「・・・俺、杉浦さんの勢いに釣られてキミに内緒で俺の自宅にキミの荷物を運んで貰ったんだけど・・・」
杉浦さんって、真里のこと?
「その時はまだキミから一緒に暮らすかどうかの返事を貰ってなかったから、これで同居を断られたらどうしようかなんて内心心配したりもしたんだけど・・・でも、キミから一緒に暮らしたいって返事を貰ったから助かったよ・・」
『えっ、真里が、そんなことを?!』
「そう。杉浦さん、キミに喜んで貰いたいからって運送屋さんを手配したりして一生懸命やってくれてた。」
真里が日詠先生と電話でやり取りしていたのって、このこともあったんだね
日詠先生と真里の間に何かあったのかなって
変な勘繰りをしてしまった自分が今となっては恥ずかしい・・・
「俺もキミにもし同居を断られても、ただ、俺は一緒にいたいと思ったから、キミをなんとか説得してみようと思ってたから・・荷物、運んで貰うのを了承したんだ。」
それに、日詠先生が同居の話を提案してくれたのは
私の置かれている境遇を考慮してくれているだけだと思ってた
それなのに
日詠先生が私と一緒にいたい
そんなことを思ってくれていたなんて
「ゴメンな、勝手なことをしてしまって・・・・でも、もし、やっぱりココに戻りたいのであれば、今からでも・・・」
真里と日詠先生のサプライズな行動に凄く驚いた
だけど、凄く嬉しい
だから日詠先生その先は
その先はもう・・・言わないで
『・・・私』
「・・・ゴメン。」
そんなに申し訳なさそうな顔しないで
『私、こんなコトされたの、初めてで・・・』
「ゴメン。俺、余計なコトをした。

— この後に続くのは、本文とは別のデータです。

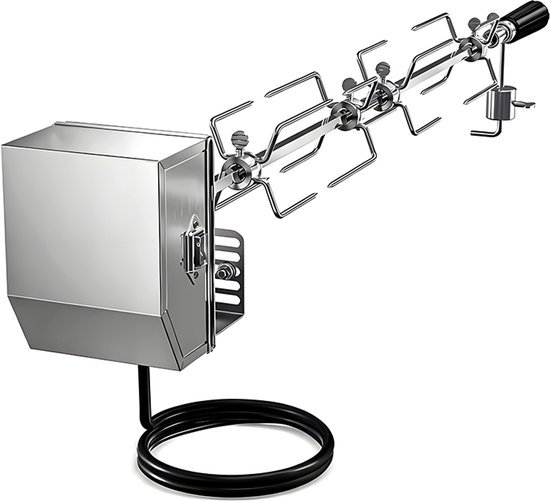 Draaiende grill - Elektrische barbecue - Barbecue voor thuis - Multifunctionele grillstang - Lengte stang: 42 cm + 42 cm + 35 cm - Barbecueset - Barbecue-uitrusting - Zilver — afbeelding 3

」
自分を責めているような顔
お願いだから、そんな顔しないで
私・・・
『嬉しいんです。先生の家に、連れて行って欲しい・・・傍にいて欲し』
グイッ!!!
キャッ!!
目の前が、暗い??
えっ?
・・・・この匂い
やっぱり懐かしい
『日詠先生?』
「わかったから、もうそれ以上言わなくてもいい。」
私は彼の穏やかな囁き声を彼の大きな左胸の中で聞いた。
そして、彼の右胸には祐希もしっかりと抱きかかえられていた。
「今度こそ、行くぞ。”俺の家”に・・・」
その言葉は海老名サービスエリアで言われた台詞と同じ。
でも、少し恥ずかし気だったその時とは異なり、凄く自然で、凄く力強く感じた。
私は自分の顔を彼の左胸に埋めたままゆっくりと頷いた。